==== Source data

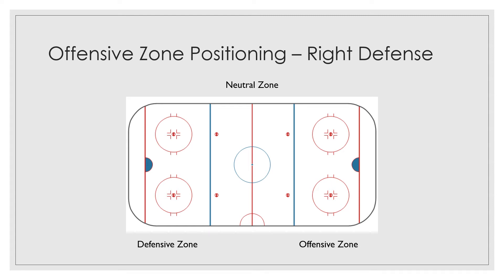Hey hockey players, it's Coach John, director of the Chicago Horned Frogs, playing out of Chicago Park District's Morgan Park Sports Center at 115th and Western. Hope everyone is doing well. This week we'll continue looking at offensive zone positioning and we're gonna look at the position of right defenseman.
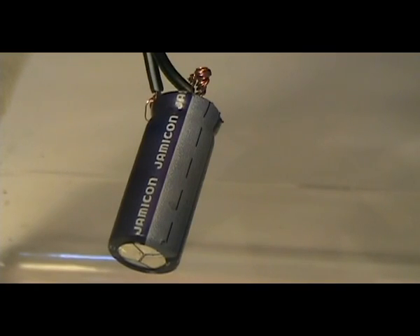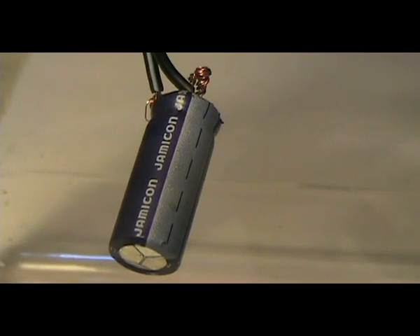Here's the first capacitor. It isn't very interesting because it has a vent on it, so it doesn't make a very loud bang when it pops. It's a 6.3 volt 2200 microfarad electrolytic capacitor.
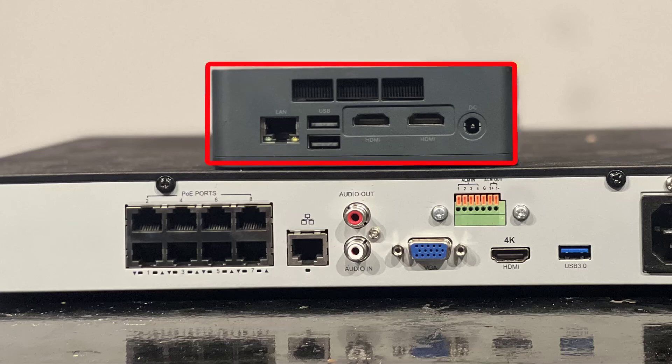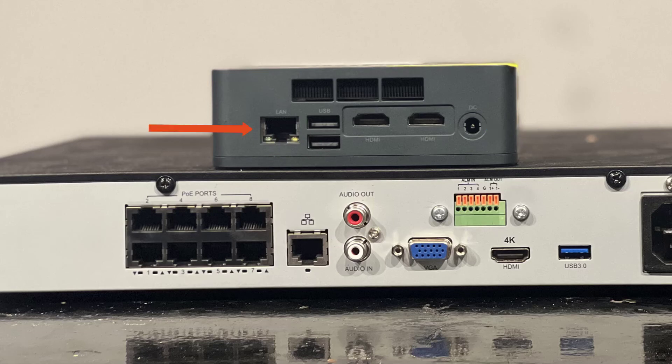Now let's move on to the bridge device. We will need to plug in the power adapter provided with the bridge device, and then from the LAN connection, we need to plug into the internet or router so we have an internet connection.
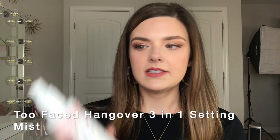Last, I'm just going to put on a little Too Faced Hangover 3-in-1 setting spray.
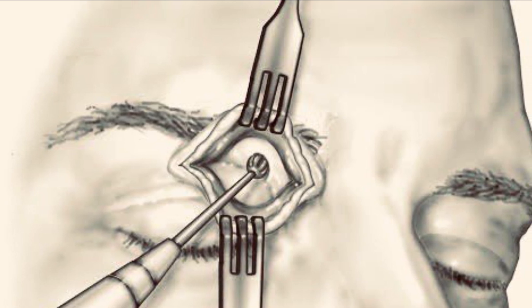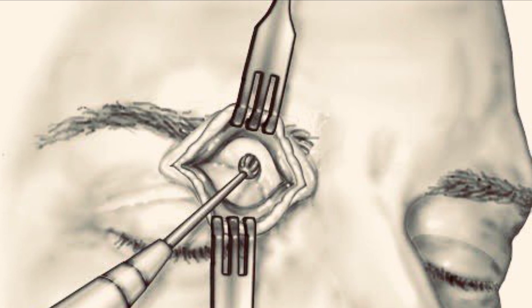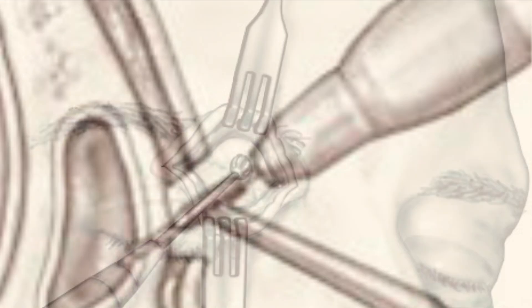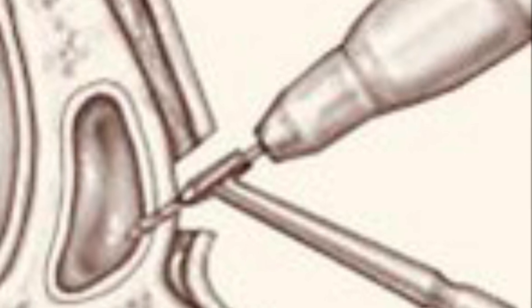Once we've identified the site, we use a 4 millimeter burr to penetrate the anterior table of the frontal sinus. This creates a small opening for inserting endoscopes and instruments. From here, we can assess drainage pathways, remove obstructions, and even irrigate if the anatomy is distorted.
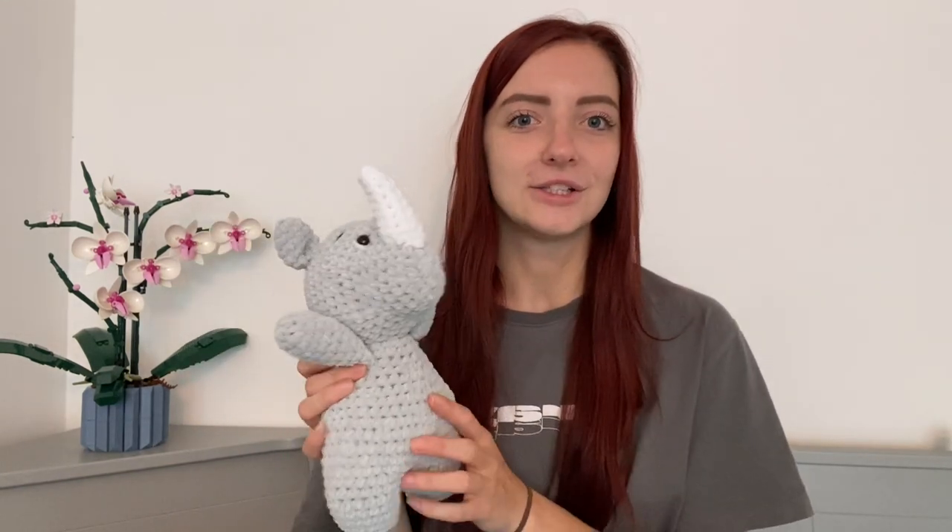Today for my first video I'm going to do a tutorial on how to make my rhino pattern. The rhino pattern can be purchased on my Etsy store — I'll put the link in the description. There are plenty of my own patterns as well as actual plushies available on Etsy. So we're going to make a rhino together. If you do, please tag me — I'd love to see your creations. It's really cool seeing what people make from my patterns. So here we go.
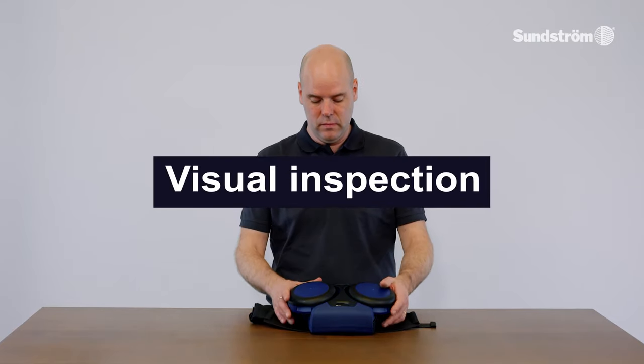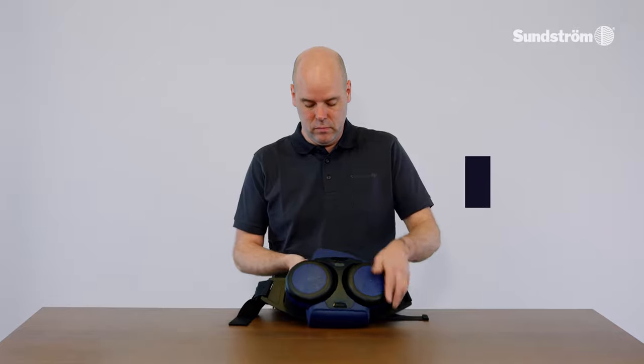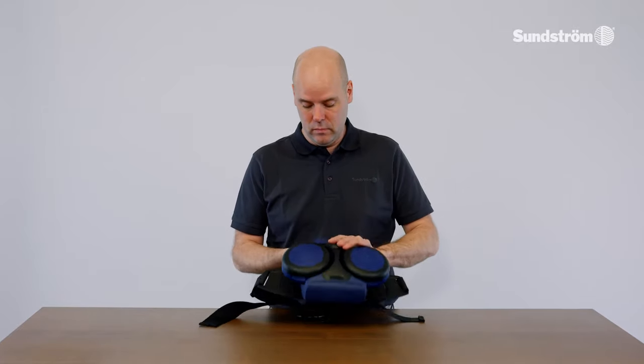Visual inspection. Check that the fan unit is complete, correctly mounted, thoroughly cleaned and undamaged.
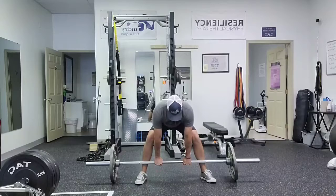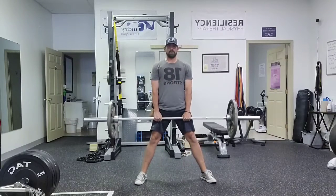As we do this we're sitting back, back straight, lats tight, stand up.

========

> _About this exercise_:
Find the line that contains "Today for my". Copy it and every line after it through the end of the listing exactly, but not the pictures.

> _Your solution_:
Today for my first video I'm going to do a tutorial on how to make my rhino pattern. The rhino pattern can be purchased on my Etsy store — I'll put the link in the description. There are plenty of my own patterns as well as actual plushies available on Etsy. So we're going to make a rhino together. If you do, please tag me — I'd love to see your creations. It's really cool seeing what people make from my patterns. So here we go.
Visual inspection. Check that the fan unit is complete, correctly mounted, thoroughly cleaned and undamaged.
As we do this we're sitting back, back straight, lats tight, stand up.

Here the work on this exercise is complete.